- Problem details
Your output should be the lines below from the one with "A room with" through the one with "Tom Waits, wearing", copied exactly, pictures excluded.

== Input data

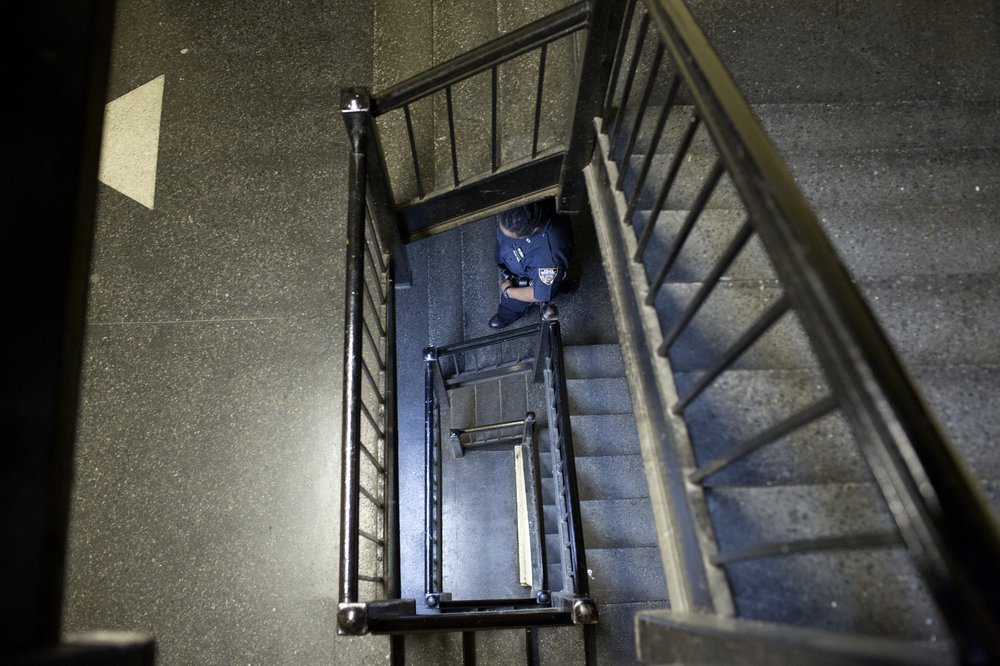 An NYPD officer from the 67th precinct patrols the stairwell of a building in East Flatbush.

====
== Input data

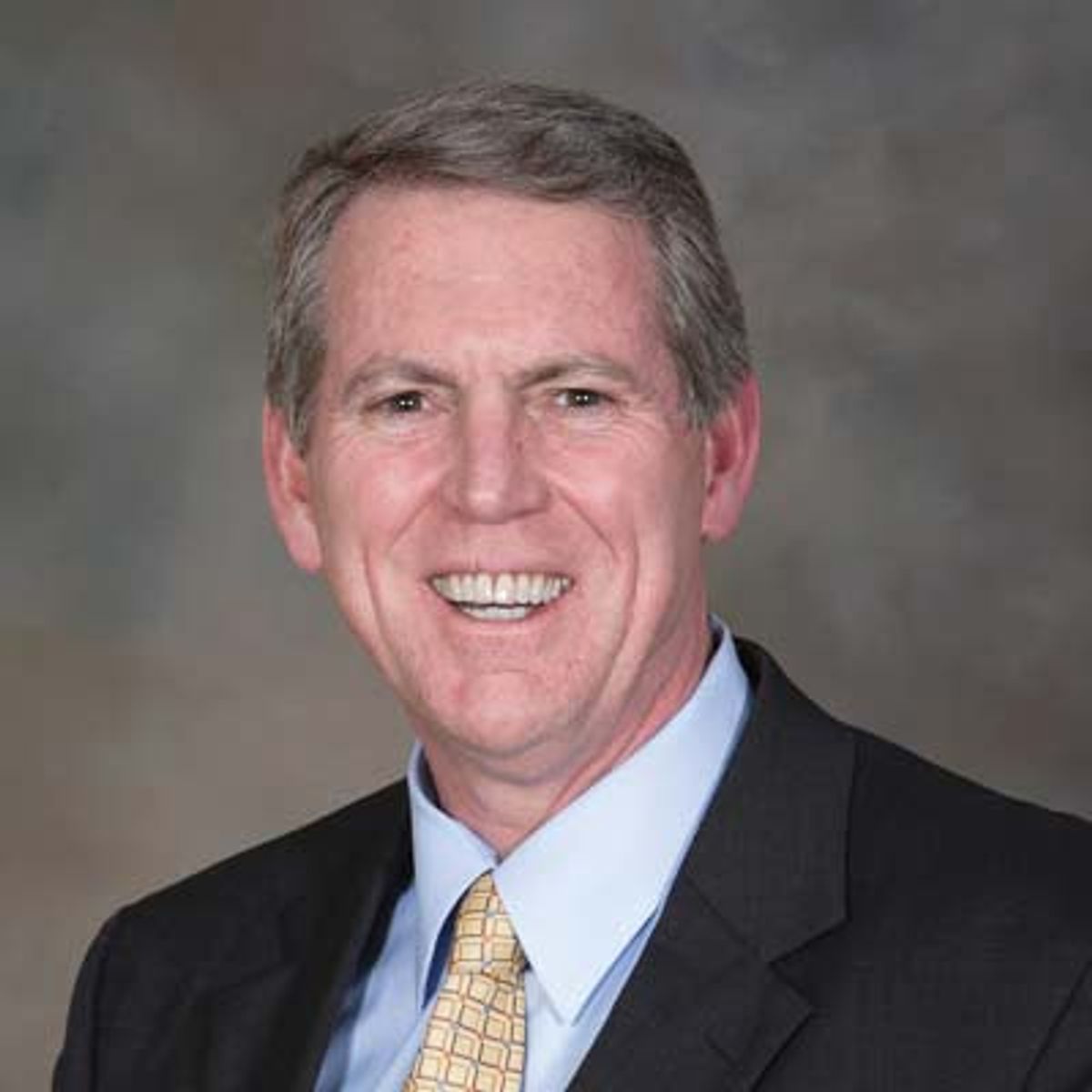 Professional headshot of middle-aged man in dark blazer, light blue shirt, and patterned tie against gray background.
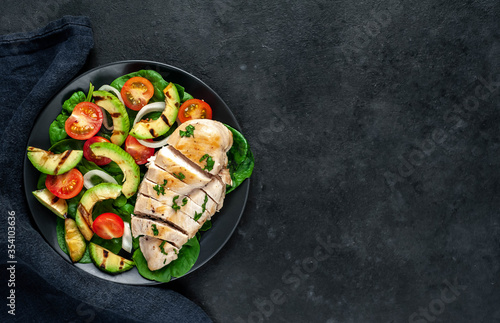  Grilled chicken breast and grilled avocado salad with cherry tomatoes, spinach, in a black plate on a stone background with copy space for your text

====
== Input data

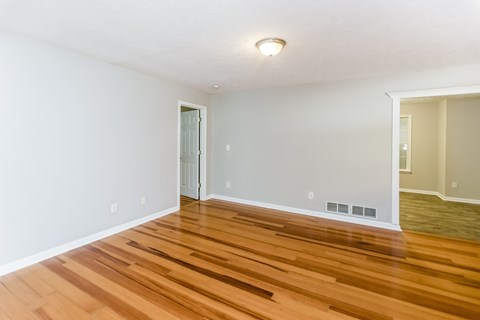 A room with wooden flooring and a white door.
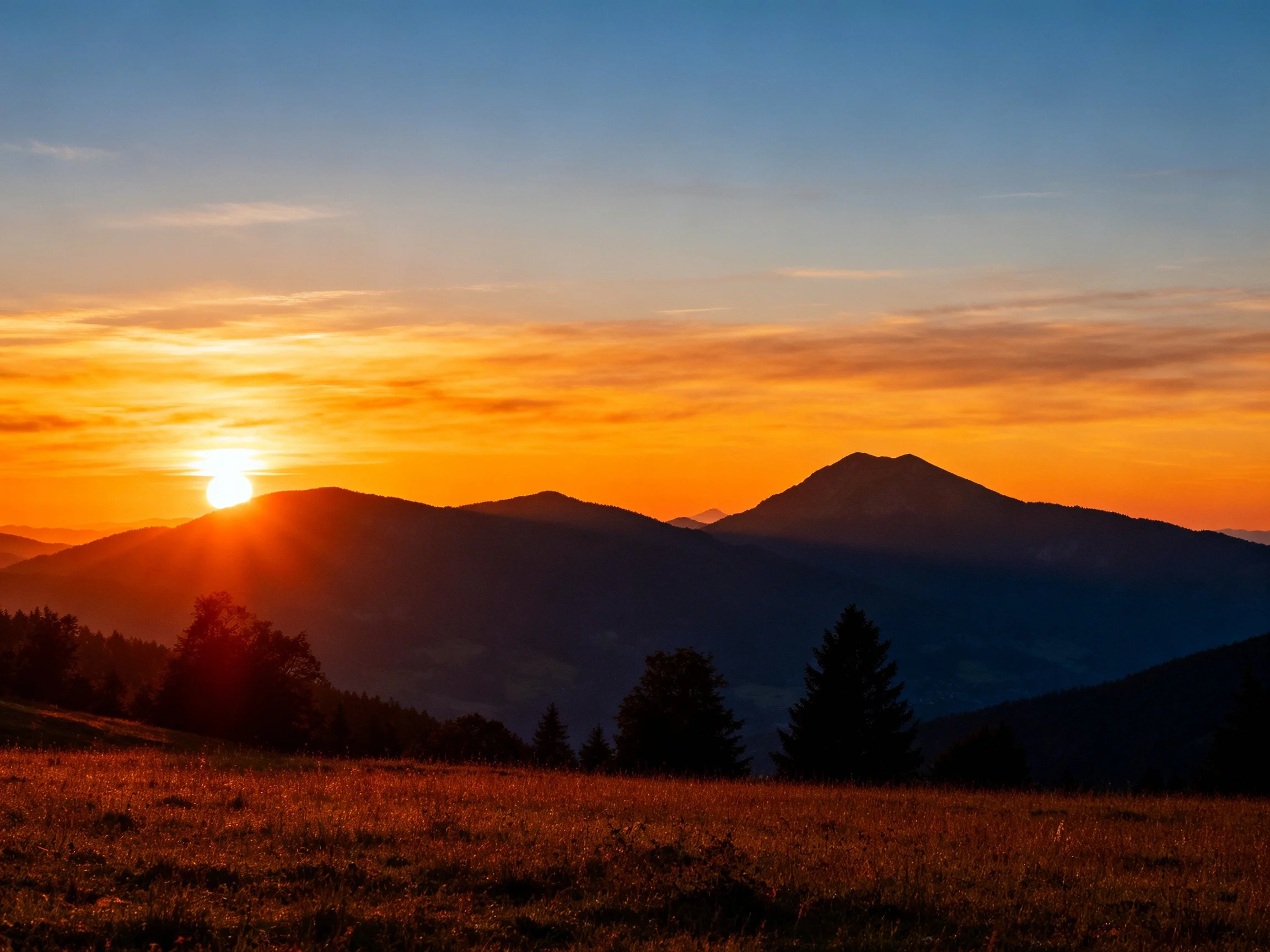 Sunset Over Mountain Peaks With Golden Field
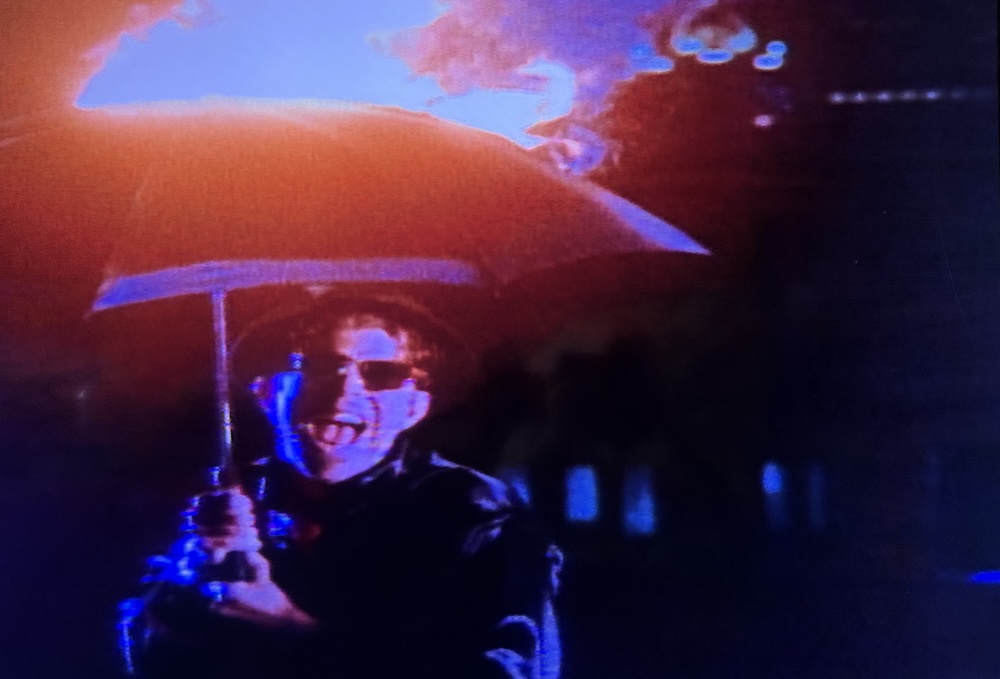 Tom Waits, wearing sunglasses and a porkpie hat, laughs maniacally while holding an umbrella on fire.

====

- Completed task
 A room with wooden flooring and a white door.
 Sunset Over Mountain Peaks With Golden Field
 Tom Waits, wearing sunglasses and a porkpie hat, laughs maniacally while holding an umbrella on fire.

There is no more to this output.